In our four-year PhD program, students are required to take courses during the first and second year. The third and the fourth year are fully dedicated to research and to the development of the Ph.D. thesis.


To improve their research skills, students are encouraged to interact with their advisor and with other faculty members on a regular basis. In addition, the program offers several activities:

  • PhD Forums: one-day workshops in which PhD students present the advances of their research and discuss them with the faculty.
  • Internal and brown-bag seminars: students in their third and fourth year are invited to present their works within the series of internal seminars, where faculty members, graduate students and visiting scholars have the chance to illustrate their early-stage projects and most recent research outputs.

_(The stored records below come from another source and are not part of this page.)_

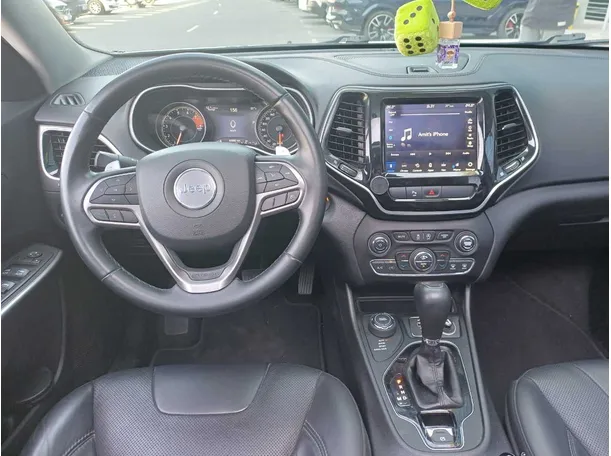 Car image 15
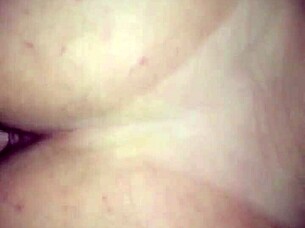 Novinha, are you ready to be bent over and doggystyled by this amateur guy?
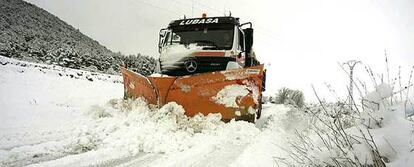 Una máquina quitanieves retira la nieve caída ayer en la localidad castellonense de Vistabella.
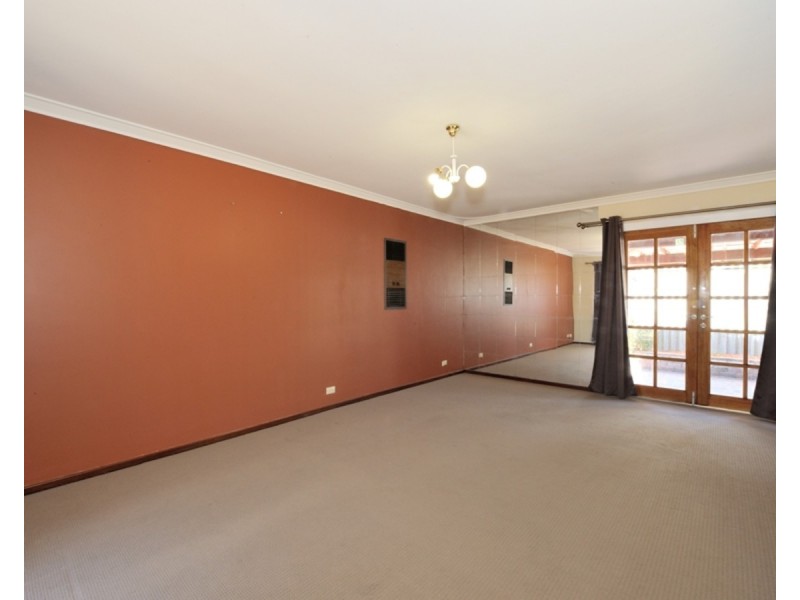 99 Unnaro Street, Hillman WA 6168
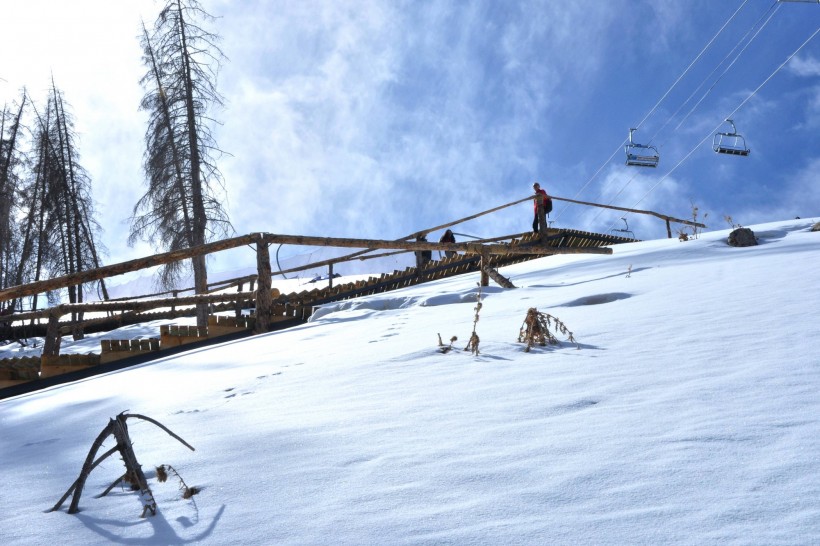 高山滑雪场图片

Works-in-progress and research plans can also be presented within our more informal brown-bag seminar series.      
  • Reading Groups: topic-specific informal meetings which typically take place on a monthly basis. Currently we cover topics in Microeconomics (Experimental Economics, IO, Labor Economics, etc) and Macroeconomics (Political Economy, Comparative Development, Business Cycle, etc), but graduate students and faculty members are welcome to propose and organize reading groups on topics that are not covered yet.
  • Roundtables on specific issues of special interest for PhD students, such as the choice of a research topic, the improvement of presentation skills, the search for funding opportunities, etc.  
  • Mock Presentations (freely organized by the students to present their work in progress).
  • Mock Interviews (organized by the Placement Director for job market candidates).